Exercise requirements. Below are the entries to work from; restate word for word the portion that opens with the line containing "open Bible on" and closes with the line containing "Giovanna 27.2 carat", keeping both.

Data for analysis.
= Beginning of Section =

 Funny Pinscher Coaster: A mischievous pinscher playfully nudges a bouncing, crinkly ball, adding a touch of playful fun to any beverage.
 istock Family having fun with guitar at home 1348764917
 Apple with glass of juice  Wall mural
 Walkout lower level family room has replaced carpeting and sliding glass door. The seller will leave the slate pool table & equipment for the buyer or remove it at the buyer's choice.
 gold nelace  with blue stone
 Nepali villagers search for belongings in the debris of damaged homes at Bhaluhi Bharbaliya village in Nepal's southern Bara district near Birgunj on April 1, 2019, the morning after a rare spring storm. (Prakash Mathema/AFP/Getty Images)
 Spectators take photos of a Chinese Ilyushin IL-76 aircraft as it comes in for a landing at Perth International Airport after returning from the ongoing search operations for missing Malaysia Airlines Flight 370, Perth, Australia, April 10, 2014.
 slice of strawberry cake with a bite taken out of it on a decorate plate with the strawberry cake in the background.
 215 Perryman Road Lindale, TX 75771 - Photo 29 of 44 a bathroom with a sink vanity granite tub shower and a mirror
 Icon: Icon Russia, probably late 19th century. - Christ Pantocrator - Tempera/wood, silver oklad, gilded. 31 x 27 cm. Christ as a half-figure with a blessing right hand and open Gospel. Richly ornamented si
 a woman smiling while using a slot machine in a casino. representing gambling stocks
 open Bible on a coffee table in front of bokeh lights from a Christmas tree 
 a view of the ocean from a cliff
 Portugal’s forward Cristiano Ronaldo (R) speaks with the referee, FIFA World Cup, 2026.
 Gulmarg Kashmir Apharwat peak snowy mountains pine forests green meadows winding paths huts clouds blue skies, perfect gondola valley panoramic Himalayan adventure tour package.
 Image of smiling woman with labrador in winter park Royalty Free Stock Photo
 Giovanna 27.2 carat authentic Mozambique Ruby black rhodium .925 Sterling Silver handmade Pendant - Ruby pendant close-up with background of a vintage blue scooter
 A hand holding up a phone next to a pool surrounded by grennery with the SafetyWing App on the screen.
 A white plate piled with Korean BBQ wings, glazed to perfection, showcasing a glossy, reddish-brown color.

= End of Section =

Solution for this problem.
 open Bible on a coffee table in front of bokeh lights from a Christmas tree 
 a view of the ocean from a cliff
 Portugal’s forward Cristiano Ronaldo (R) speaks with the referee, FIFA World Cup, 2026.
 Gulmarg Kashmir Apharwat peak snowy mountains pine forests green meadows winding paths huts clouds blue skies, perfect gondola valley panoramic Himalayan adventure tour package.
 Image of smiling woman with labrador in winter park Royalty Free Stock Photo
 Giovanna 27.2 carat authentic Mozambique Ruby black rhodium .925 Sterling Silver handmade Pendant - Ruby pendant close-up with background of a vintage blue scooter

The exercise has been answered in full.